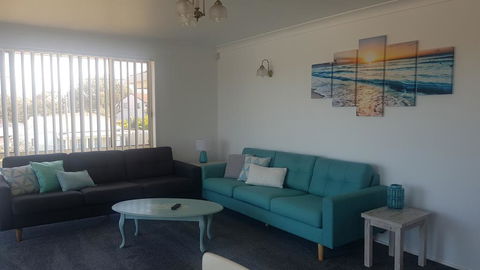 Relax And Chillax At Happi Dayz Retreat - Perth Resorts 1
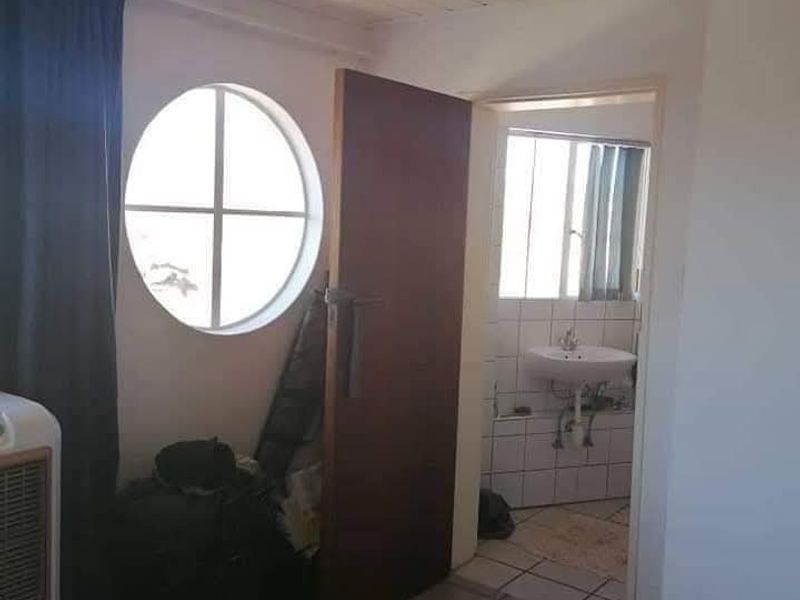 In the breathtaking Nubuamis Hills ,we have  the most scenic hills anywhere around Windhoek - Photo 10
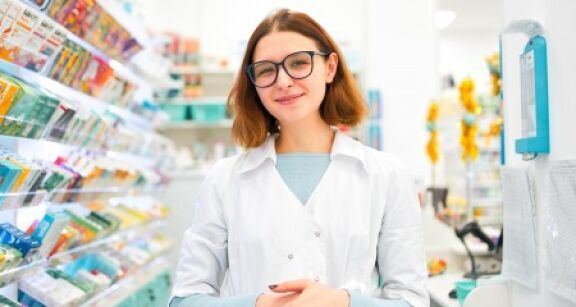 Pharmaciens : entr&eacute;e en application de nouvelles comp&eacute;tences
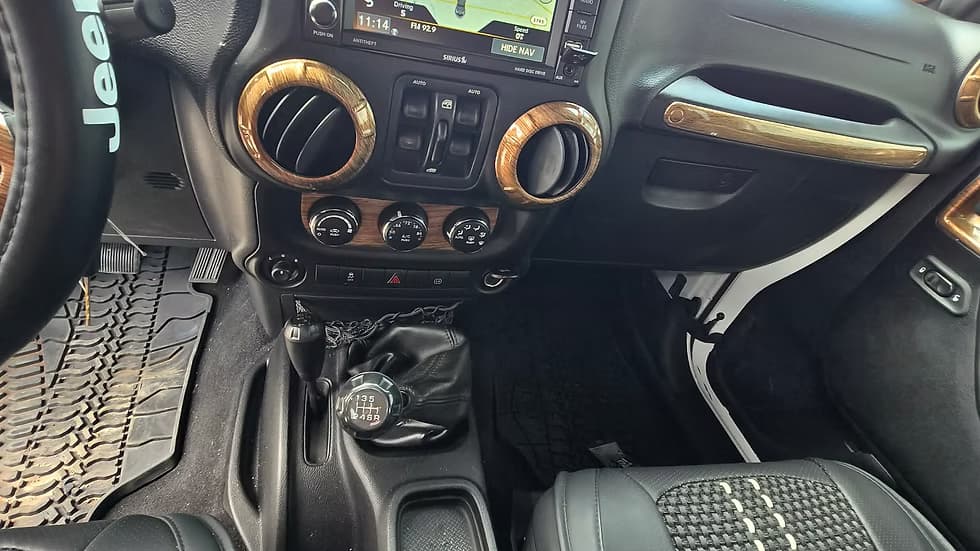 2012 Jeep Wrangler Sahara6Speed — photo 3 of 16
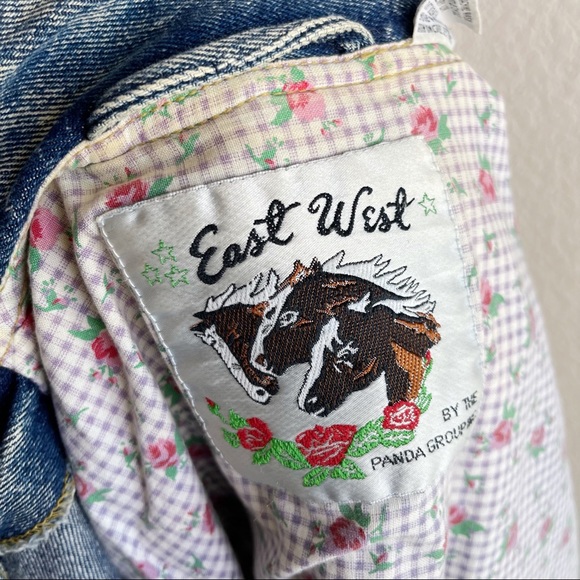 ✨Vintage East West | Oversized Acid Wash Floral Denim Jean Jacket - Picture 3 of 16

::::

With every picture left out, print exactly the lines from the one containing "Pharmaciens : entr&eacute;e" through the final line of the material above.

 Pharmaciens : entr&eacute;e en application de nouvelles comp&eacute;tences
 2012 Jeep Wrangler Sahara6Speed — photo 3 of 16
 ✨Vintage East West | Oversized Acid Wash Floral Denim Jean Jacket - Picture 3 of 16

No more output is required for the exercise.